1. We had a pension plan at work, so if RRSP savings didn't happen (as much) with new home purchase then we'd be fine, 
2. Most importantly, our jobs were stable at the time.

I am still not comfortable with our debt load but we're working on that. If we stayed in the townhouse, our mortgage would have been paid off in 2015. Our mortgage will now be paid off in 2020.

I think income security is the biggest factor. If something happens to your jobs and you now have more debt, that will be an issue.


----------



## mcoursd2006 (May 22, 2012)

We were in the same conundrum a few years ago when we had our third child. We have a three-bedroom townhome in which we were quite comfortable. We thought about upgrading to a larger four-bedroom, and with an additional ~200k mortgage. Although my job is quite stable and I do have a pension, we are a single-income family, and having paid off the mortgage on our current home more than five years ago we decided that our current home was enough for for the five of us. The freedom that comes from not having a mortgage is something that's hard to replace. Most of the would-have-been-mortgage money is going straight toward RESP, TFSA, and spousal RRSP. We're not wealthy by any stretch, but we don't worry much about money any more.

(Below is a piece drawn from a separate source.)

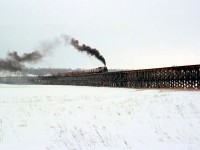 Canadian Pacific Royal Hudson 2857, operating on a fantrip from Toronto to Port McNicoll and back, hauls its 7 car consist across the Hog Bay trestle during a photo runby. It was a somewhat dreary March day, but the runby here was a good idea as the Bay was still frozen so one could safely get some photos. Also included on this day was a visit to the Port McNicoll roundhouse for photos of the still active 2-8-0's assigned there, the last regularly assigned steam engines on the CPR. The later (and last) trip in June had better weather for photography but not to photo the trestle (I could not attend that trip).<br><br>Built in 1908 to span Hog Bay off Georgian Bay, this 2142' long, 40' high wooden trestle allowed the CPR to reach Port McNicoll, where elevators at the port for grain handling, and CPR's fleet of lakeboats produced traffic (summer "Boat Trains" were run up the MacTier to the port until the late 50's). CPR abandoned much of their Port McNicoll Sub including this trestle in 1971, in favour of accessing Port McNicoll over CN's Midland Sub via trackage rights (which crossed underneath the trestle at the south end). It was eventually demolished in 1978.<br><br><i>Other photos from the same day:</i><br>2857 at Union Station: <a href=http://www.railpictures.ca/?attachment_id=23269><b>http://www.railpictures.ca/?attachment_id=23269</b></a><br>3632 at Port McNicoll: <a href=http://www.railpictures.ca/?attachment_id=21826><b>http://www.railpictures.ca/?attachment_id=21826</b></a><br>3722 at Port McNicoll: <a href=http://www.railpictures.ca/?attachment_id=22492><b>http://www.railpictures.ca/?attachment_id=22492</b></a>.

You have to keep things in perspective. Just because all my friends and family have bigger house shouldn't mean that I need one. I grew up in a semi-detached home of much smaller than the one I own now with two siblings. We did fine. We don't want to have to live by standards others have set. Smaller house means that costs such as property tax, heating and cooling the home is lower, and I think overall it leaves a smaller carbon footprint on the environment.

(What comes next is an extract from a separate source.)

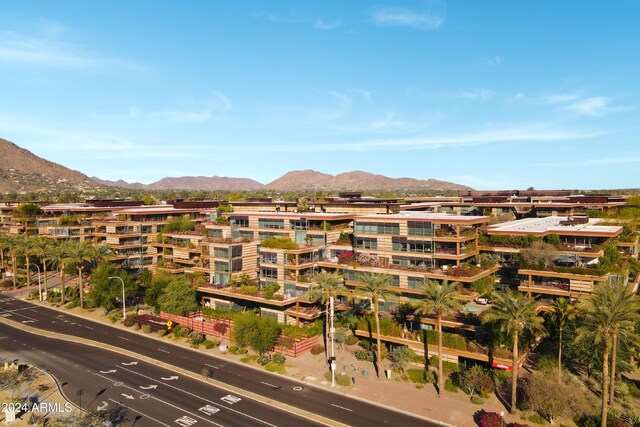 view of building exterior featuring a mountain view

Ultimately, we had to ask ourselves, would we be happier in a bigger house? How would be enhanced/enriched by having the extra space? The answer to the first question is no, and it renders the second one moot.


----------



## kcowan (Jul 1, 2010)

We upgraded for the first 13 years of marriage, then held for 14 years, then downsized.


----------



## uptoolate (Oct 9, 2011)

At some point an upgrade makes sense if your family expands. We lived in our first house for 8 years then upgraded and have owned the same place for the last 18 years and will downsize from here in another 5 years or so. We have 4 children so upgrading wasn't really an option as our 'starter' house wasn't large enough. It was a great house which we had done some nice renovations on but still sold for a small loss due to the real estate market downturn at the time. Good news was that we bought back into the same soft market.


----------



## Plugging Along (Jan 3, 2011)

We are constantly having this conundrum. We live in a small house (by comparison)in a rather affluent area. 

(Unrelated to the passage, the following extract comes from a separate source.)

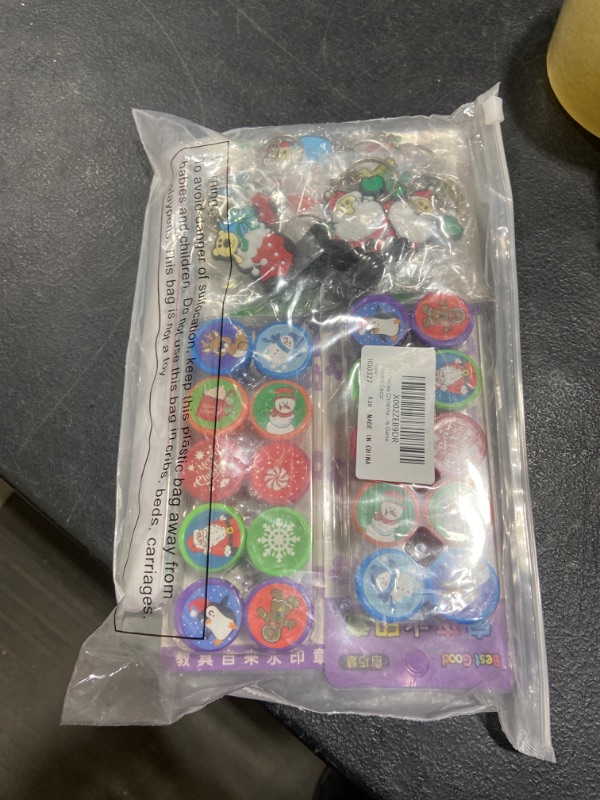 Photo 2 of 260 Pieces Christmas Stocking Stuffers Include 110 Temporary 100 Christmas Candy Bags 20 Christmas Stampers 15 Slap Bracelets 15 Keychains for Christmas Party Favors Game Reward Decor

We see everyone else with larger houses, and often we want to join the jones. We paid off our mortgage a few years ago, and have been using that money towards maximizing our rrsps, and the other part is for saving either for investing outside of rrsps. This non registered account is what we will use to buy the bigger house. We have agreed that we will not take out another mortgage. Us forcing ourselves to save before we upgrade will make us really think before we are ready to buy as to how big of a want this really is. Perhaps when we have the extra $200k saved we will not want to part with it and find our house is just fine.


----------



## AltaRed (Jun 8, 2009)

I look at it in life phases. From about age 25-40, one is busy establishing themselves including a 'nest' to call home and that one is 'happy' with. Age 40-60 (or 65) is the wealth accumulation phase developing an investment portfolio that will become the retirement nest egg. Age 60 (or 65) onwards is reaping the rewards of one's plans via retirement and somewhere in that phase, downsizing. 

Put another way, upgrade from your starter home once to be comfortable based on family size/location , but with a view to ensure the mortgage is paid off by age 40. Carrying debt past age 40 is a sure way to short circuit wealth accumulation for your retirement strategy. As an example, I retired all debt by age 40 and it allowed me to put away a lot of money and retire very comfortably by age 57. The key to that success is to be disciplined enough to not spend the 'newfound' money once the mortgage is paid off. Direct it to investing.


----------



## OnlyMyOpinion (Sep 1, 2013)

Good comments.
OP - Wondering if moving from townhouse to house for family is a necessity or an option re/ space? Wondering what the total mortgage would be (it wasn't clear that your mortgage would necessarily be $550k and increase to $650k or $750k) and what % of take home pay your monthly payments would be. The point being not to over-extend yourselves.

Seems to be the story we read about each week, 50+ boomers with nothing saved for retirement. Tough when we have a monthly mortgage, especially if we are saving to pay it off ASAP, we have nothing left for RRSP's. 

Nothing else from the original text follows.